Las Yungas, un territorio favorecido por su difícil acceso, mantiene una población de entre 120 y 150 ejemplares, que comienza a extenderse hacia el este, entre otras razones gracias al programa Paisajes Productivos Protegidos, que la Fundación ProYungas puso en marcha hace una década y que, al igual que Jaguar Friendly, promueve la integración de los criterios de conservación ambiental con los del desarrollo económico de la actividad privada.
Pero es sin duda en el Chaco, un ecosistema muy frágil en el que la presencia del depredador tope se antoja fundamental para lograr cierto equilibrio, donde se libra la batalla más difícil. Los registros de huellas de los últimos años sugieren la presencia de unos 15 ó 20 yaguaretés en libertad, aunque solo se tenga constancia fehaciente de dos: el ejemplar del Parque Nacional El Impenetrable y otro macho que se deja ver de manera circunstancial en las orillas del Parque Nacional Río Pilcomayo, limítrofe con Paraguay. La reintroducción aparece entonces como horizonte destacado para recuperar su presencia en el área.
La Fundación Rewilding Argentina (FRA), que en el transcurso de este año liberó siete ejemplares en el Parque Nacional Iberá, una zona de humedales donde la especie llevaba extinguida desde hace 70 años, es la encargada de monitorear las peripecias cotidianas de Qaramtá. Su método, consistente en criar en semicautividad y sin contacto humano cachorros a los que sus madres les enseñan a cazar para que puedan sobrevivir en estado silvestre, se repite actualmente en la Estación Científica El Teuco, instalada en el interior del Parque Nacional El Impenetrable.

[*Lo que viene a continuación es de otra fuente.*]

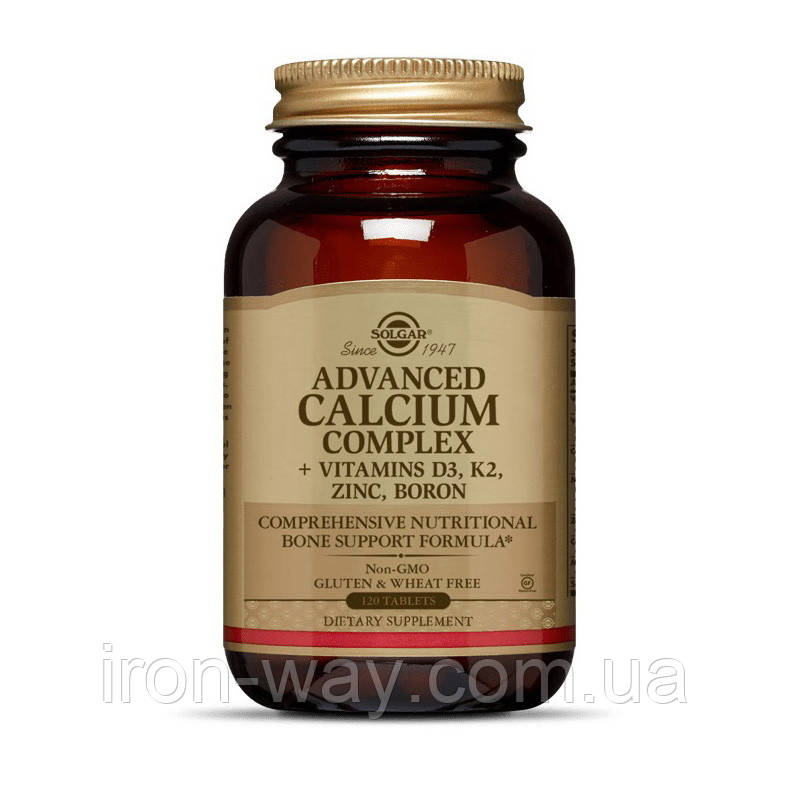 Solgar Advanced Calcium Complex (120 tabs)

Allí crecen actualmente Nalá y Takajay, los hijos de Qaramtá y Tania, la hembra nacida y criada en cautividad que la Fundación trasladó desde Iberá para “anclar” a Qaramtá al parque. La idea es que dentro de un par de años los pequeños puedan caminar junto a su padre para que la presencia de los yaguaretés deje de ser una extrañeza en la región.
Cuenta la leyenda que la piel del jaguar era de un amarillo impoluto, pero un día un mono la ensució con un mamey. Enfadado, el jaguar lo mató de un zarpazo y, en castigo, el Señor de los Montes alentó a los monos a lanzarles mamey desde los árboles a los jaguares. Desde entonces, las manchas, diferentes en cada individuo, identifican al tigre americano.
Hoy, los puntos que indican en los mapas la presencia del felino en el continente son manchas cada vez más pequeñas. El futuro dirá si somos capaces de evitar que esos mapas queden tan limpios como aseguran era la piel del jaguar mucho antes de que los olmecas lo elevasen a la categoría de un dios.